Echoshock, l’Italia e la crisi della Laguna

Articolo uscito sul Gazzettino del 14 marzo 2024

L’Italia e l’intera area del Mediterraneo hanno già superato la soglia di guardia dell’aumento del riscaldamento globale: 1,5 gradi al di sopra dei livelli preindustriali. E le gravi conseguenze di questo cambiamento climatico si sono già innescate. È un conto alla rovescia: una corsa contro il tempo per mettere in sicurezza il Paese. E’ questa la denuncia riportata nell’ultimo libro inchiesta scritto dal giornalista Giuseppe Caporale “Ecoshock. Come cambiare il destino dell’Italia al centro della crisi climatica” edito da Rubbettino.

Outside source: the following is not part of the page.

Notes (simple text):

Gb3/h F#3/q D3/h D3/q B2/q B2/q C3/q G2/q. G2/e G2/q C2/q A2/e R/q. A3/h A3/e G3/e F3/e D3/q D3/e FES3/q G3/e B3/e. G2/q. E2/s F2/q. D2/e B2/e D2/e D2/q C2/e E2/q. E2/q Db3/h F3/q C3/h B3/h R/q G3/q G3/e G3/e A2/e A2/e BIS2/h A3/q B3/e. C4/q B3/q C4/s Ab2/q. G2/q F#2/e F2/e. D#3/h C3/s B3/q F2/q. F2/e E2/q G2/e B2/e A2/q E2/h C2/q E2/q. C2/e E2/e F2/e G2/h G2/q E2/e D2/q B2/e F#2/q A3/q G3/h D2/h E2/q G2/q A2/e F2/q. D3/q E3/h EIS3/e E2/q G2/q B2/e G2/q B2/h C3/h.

Un lungo cammino, quello dell’autore, nell’Italia sottoposta a gravi rischi ambientali e sociali a causa dell’alterazione climatica. Caporale nel suo lavoro riporta la voce di numerosi studiosi della materia, analizza oltre 90 dossier sul tema e raggiunge di persona diverse località italiane dove i segni del cambiamento in atto sono già presenti. Da buon giornalista d’inchiesta mette insieme le diverse parti di un complesso problema sempre più presente nella nostra vita e nei nostri territori arrivando a delle conclusioni allarmanti.

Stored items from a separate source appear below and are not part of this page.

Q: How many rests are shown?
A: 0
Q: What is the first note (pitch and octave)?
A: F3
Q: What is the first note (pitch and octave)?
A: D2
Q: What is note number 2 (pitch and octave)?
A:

In modo chiaro l’autore sottolinea che se i monitoraggi su scala globale portano a risultati preoccupanti, quando il campo si restringe e ci si concentra sulla regione mediterranea le proiezioni risultano impietose: secondo l’ENEA, entro il 2100 migliaia di chilometri quadrati di aree costiere italiane rischiano di essere letteralmente sommerse dal mare, in assenza di interventi di mitigazione e adattamento.

Da qui alla fine del secolo l’innalzamento del mare lungo le nostre coste è stimato tra 0,94 e 1,035 metri (sulla base di un modello cautelativo) e tra 1,31 metri e 1,45 metri (su base meno prudenziale). Il fenomeno dell’innalzamento, potenziale o reale, riguarda praticamente tutte le regioni italiane bagnate dal mare per un totale di 40 aree costiere a rischio inondazione.

Non a caso quindi, un capitolo del lavoro di Caporale, analizza il caso Venezia dove per l’autore ormai le minacce climatiche alla sopravvivenza della città e del suo ecosistema sono molteplici e persistenti.

Per fortuna la scienza, anche locale, ha iniziato recentemente a ragionare sul futuro della città e addirittura del dopo Mose, basti ricordare un importante convegno tenutosi l’anno scorso, tuttavia la riflessione dell’autore richiama le raccomandazioni dell’Unesco contenute nel Report “Venice and its Lagoon” del 2020, evidenziando come la complessità dei problemi sia stata affrontata finora in modo sbilanciato, vale a dire affidandosi quasi esclusivamente alla tecnologia, citando ad esempio il ruolo oggi fondamentale del Sistema Mose. Invece servirebbe pure un monitoraggio costante e ad ampio raggio che permetta di trovare soluzioni aggiuntive alle barriere mobili per prevenire ulteriori danni da allagamenti al patrimonio culturale di Venezia. Il dibattito è quanto mai aperto, come sappiamo, ma in considerazione dei ricordati dati dell’Enea e successive elaborazioni che evidenziano come la linea di costa dell’Alto Adriatico sia destinata a subire drastici arretramenti, tali da rendere impossibile abitare città come Venezia, Mestre, Chioggia e Ravenna, ci auguriamo che non duri all’infinito.